Ontem morreram mais 25 refugiados que atravessavam o Mediterrâneo entre a Turquia e a Grécia. Três eram crianças. E o primeiro-ministro eslovaco Robert Fico, que fez campanha com o lema “nem um único imigrante muçulmano”, ganhou as eleições e à boleia ajudou um partido neo-nazi a entrar no Parlamento. A Eslováquia assumirá a presidência da União Europeia em Julho.
Com uma União profundamente dividida, há cada vez mais perguntas sem resposta. A União vai conseguir aprovar o plano que apresentou há dias para repor Schengen? Ancara vai melhorar as condições de recepção dos refugiados? Vai acolher todos os que foram sendo expulsos da União por serem “apenas” imigrantes económicos? Vai patrulhar de forma mais eficaz a sua costa? Por outro lado, a União vai ceder a Ancara e aceitar a entrada de turcos sem visto? Vai concordar pagar “muito mais” do que paga hoje à Turquia para que esta acolha os refugiados com dignidade? O que é “muito mais” do que seis mil milhões de euros por ano? Vai ser criado um novo fundo europeu para dar resposta a esta crise humanitária, semelhante aos criados para os resgates dos bancos? Vai a Grécia ser suspensa do espaço Schengen? E conseguir melhorar o seu sistema de registo dos migrantes como exigem os parceiros europeus? A Grécia e Itália vão construir os hotspots que a União exige e que estão na base da estratégia de Bruxelas para identificar rapidamente quem entra no circuito dos pedidos de asilo e quem deve ser rejeitado e enviado para trás? A nova polícia costeira e de fronteiras vai ser criada e vai ser eficaz?

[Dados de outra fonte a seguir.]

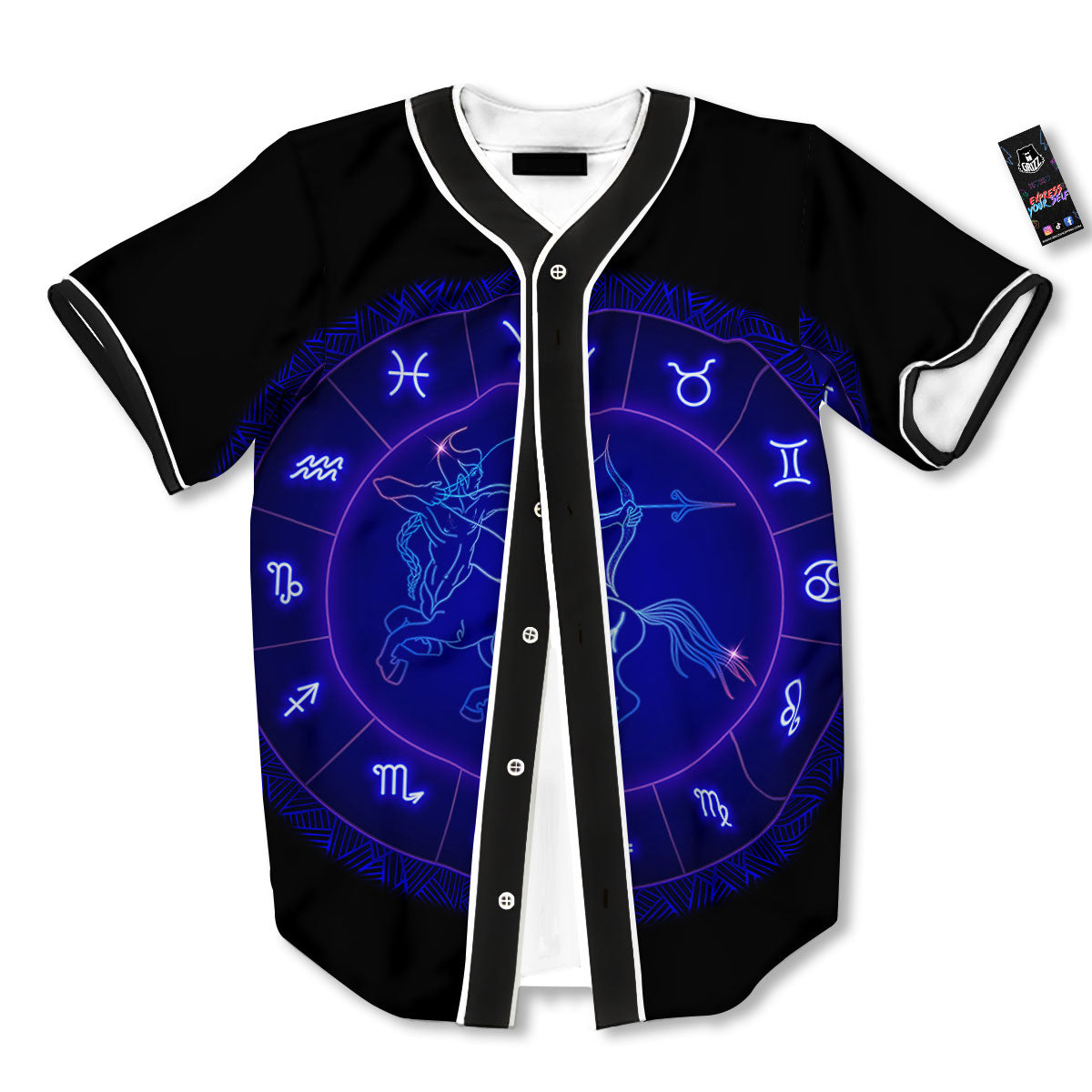 Zodiac Sign Dark Sagittarius Print Baseball Jersey-grizzshop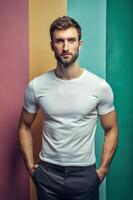 English Ectomorph Skinny Working Professional, Elegant, Bold, White Oversized T-Shirt 3D Rendering, Mock Up T Shirt Concept for E-commerce, Non-profit, Creative Agency photo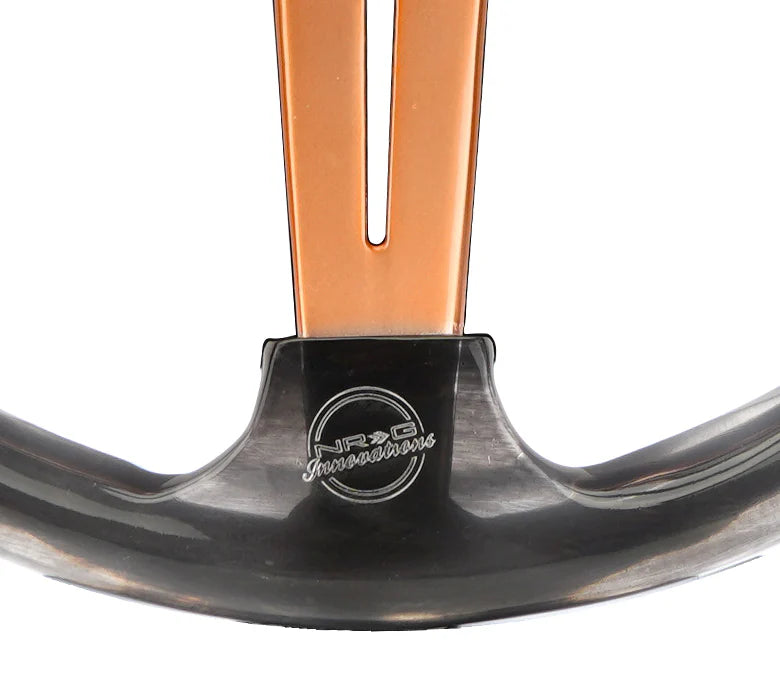 NRG Reinforced Steering Wheel Matsuri 350mm 2in Deep Smoke Clear Acrylic and Rose Gold Spokes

O Acordo de Schengen tem 30 anos. O receio de que chegue ao fim é hoje real. A Turquia, inesperadamente, tem agora um papel central na equação. E por isso vale a pena lembrar duas coisas. No plano económico, Schengen é sinónimo de prosperidade. Permite, por exemplo, que as empresas europeias não gastem dinheiro a armazenar bens, pois sabem que os podem encomendar e que eles chegam depressa. Calcula-se que o fim das fronteiras abertas na Europa custe 470 mil milhões de euros em menos de dez anos. No plano moral e político, é igualmente simples: o seu fim pode muito bem ser o fim da União Europeia.